PostgreSQL JSONB Versioned Updates
PostgreSQL JSONB columns paired with a version integer implement optimistic concurrency at the database level. The jsonb_set() function modifies individual fields without rewriting the entire document; the version = $expected predicate in WHERE ensures atomicity.
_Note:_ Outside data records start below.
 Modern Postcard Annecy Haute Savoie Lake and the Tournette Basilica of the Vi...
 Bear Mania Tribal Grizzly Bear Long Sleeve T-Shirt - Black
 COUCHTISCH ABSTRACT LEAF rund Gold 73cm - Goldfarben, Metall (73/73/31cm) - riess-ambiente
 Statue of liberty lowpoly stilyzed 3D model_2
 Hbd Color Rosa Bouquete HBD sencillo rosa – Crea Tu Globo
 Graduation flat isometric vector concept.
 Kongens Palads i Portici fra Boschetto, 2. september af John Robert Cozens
This pattern scales to thousands of concurrent requests without connection-level locks.
-- ── Schema with versioning ──────────────────────────────────────
CREATE TABLE documents (
id UUID PRIMARY KEY DEFAULT gen_random_uuid(),
data JSONB NOT NULL DEFAULT '{}',
version INTEGER NOT NULL DEFAULT 1,
created_at TIMESTAMPTZ NOT NULL DEFAULT NOW(),
updated_at TIMESTAMPTZ NOT NULL DEFAULT NOW()
);
-- GIN index for JSON containment queries (@>, ?)
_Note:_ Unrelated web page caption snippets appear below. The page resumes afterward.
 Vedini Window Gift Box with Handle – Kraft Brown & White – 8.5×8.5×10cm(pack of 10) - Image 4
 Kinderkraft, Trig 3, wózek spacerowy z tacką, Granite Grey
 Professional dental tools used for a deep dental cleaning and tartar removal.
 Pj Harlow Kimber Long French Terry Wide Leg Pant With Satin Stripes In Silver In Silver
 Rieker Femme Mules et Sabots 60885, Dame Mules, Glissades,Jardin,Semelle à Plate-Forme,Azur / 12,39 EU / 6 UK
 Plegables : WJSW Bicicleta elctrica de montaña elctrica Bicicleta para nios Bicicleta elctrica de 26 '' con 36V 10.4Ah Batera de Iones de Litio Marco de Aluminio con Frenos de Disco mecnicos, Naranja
CREATE INDEX idx_documents_data_gin ON documents USING GIN (data);
-- ── Optimistic update: single field ──────────────────────────────
-- Returns the updated row if version matched, 0 rows if concurrent write
UPDATE documents
SET data = jsonb_set(data, '{status}', '"active"'),
version = version + 1,
updated_at = NOW()
WHERE id = $1
AND version = $2 -- optimistic lock: only apply if version matches
RETURNING id, data, version;
-- ── Optimistic update: multiple fields atomically ─────────────────
-- Use nested jsonb_set calls for multiple fields
UPDATE documents
SET data = jsonb_set(
jsonb_set(data, '{status}', '"published"'),
'{publishedAt}', to_jsonb(NOW()::TEXT)
),
version = version + 1,
updated_at = NOW()
WHERE id = $1 AND version = $2
RETURNING id, data, version;
-- ── Apply JSON Merge Patch in SQL ─────────────────────────────────
-- Merge patch via jsonb concatenation (|| operator):
-- Present keys override, but null keys must be explicitly deleted
UPDATE documents
SET data = (
(data || $2::jsonb) -- merge present fields
- ARRAY( -- remove null-valued keys
SELECT key
FROM jsonb_each($2::jsonb)
WHERE value = 'null'::jsonb
)
),
version = version + 1,
updated_at = NOW()
WHERE id = $1 AND version = $3
RETURNING id, data, version;
-- ── Node.js: typed helper for versioned JSONB updates ─────────────import { Pool } from 'pg'
const pool = new Pool()
interface UpdateResult<T> {
success: boolean
data?: T
version?: number
conflict?: true
}
async function updateJsonbField<T>(
id: string,
path: string[], // e.g. ['status'] or ['meta', 'score']
value: unknown,
expectedVersion: number,
): Promise<UpdateResult<T>> {
const pathLiteral = '{' + path.join(',') + '}'
const { rows, rowCount } = await pool.query(
`UPDATE documents
SET data = jsonb_set(data, $1, $2::jsonb),
version = version + 1,
updated_at = NOW()
WHERE id = $3 AND version = $4
RETURNING data, version`,
[pathLiteral, JSON.stringify(value), id, expectedVersion],
)
if (rowCount === 0) return { success: false, conflict: true }
return { success: true, data: rows[0].data as T, version: rows[0].version }
}
// Usage:
const result = await updateJsonbField(
'doc-uuid',
['status'],
'active',
5, // expected version
)
if (result.conflict) {
// Re-fetch and retry
}For array operations — appending to a JSONB array without overwriting it — use jsonb_insert: {"jsonb_insert(data, '{tags,-1}', '"newtag"'::jsonb, true)"} appends after the last element. To remove an array element by index: {"data #- '{tags,2}'"} removes the element at index 2. To remove by value rather than index, use a subquery with jsonb_agg and jsonb_array_elements. These PostgreSQL-native operations avoid round-tripping the entire JSONB document through application code for large documents.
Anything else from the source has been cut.